The Department of European Drawings began in 1880 with a gift of over 600 drawings purchased by Cornelius Vanderbilt from James Jackson Jarves. This has been expanded to encompass sheets by Leonardo, Michelangelo, Ingres, and Degas. The Havemeyer bequest in 1929 added drawings by Rembrandt and Daumier. In 1949 Georgia O’Keeffe donated the Alfred Stieglitz Collection, which included 20th-century masters. Stieglitz himself in 1928 presented the museum with its first photographs. These became a component of the now enormous Print Department that had originated with gifts of Whistlers from H. B. Dick in 1916 and Dürers from Junius Spencer Morgan in 1919. Another great bequest of old master prints came from Felix Warburg in 1941.

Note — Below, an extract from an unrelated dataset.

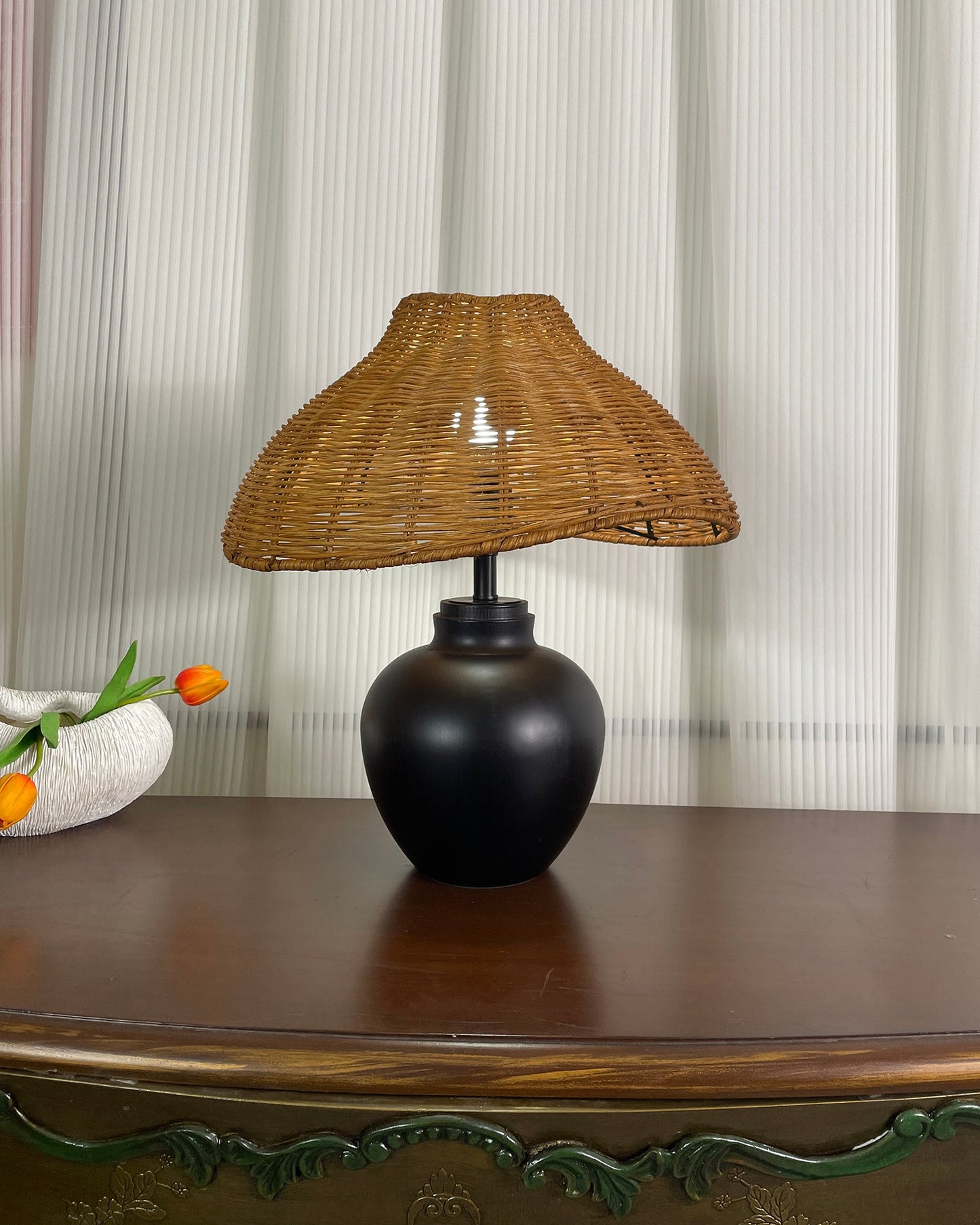 Amalia Table Lamp - Loonglight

The museum, as befits an institution that had several distinguished painters among its founders, has a very great collection of American painting and sculpture housed in its own wing. Many of the 19th-century’s iconic images such as Leutze’s Washington Crossing the Delaware, Bierstadt’s Rocky Mountains Cole’s Oxbow, Church’s Heart of the Andes, and Homer’s Northeaster were all acquired by 1910. Added later were Sargent’s infamous Mme X, Bingham’s Fur Traders, Martin Heade’s (1819–1904) The Coming Storm, and John White Alexander’s (1856–1915) Repose. Mrs Havemeyer’s 1929 bequest included several examples by her friend Mary Cassatt. The Alfred Stieglitz Collection received in 1949 brought the mid-century masters Demuth, O’Keeffe, Dove, and Hartley. The Department of 20th Century Art was established only in 1967, but grew rapidly. The 1998 bequest of the Gellman Collection from Mexico has added key works by Matisse and Dali. Of the post-war American holdings, the most famous is probably Jackson Pollock’s Autumn Rhythms of 1950, but there are also characteristic works by all the chief painters—Gorky, Rothko, de Kooning, Louis, and Motherwell. The department’s largest work is the French Art Deco mural from the luxury liner The Normandie.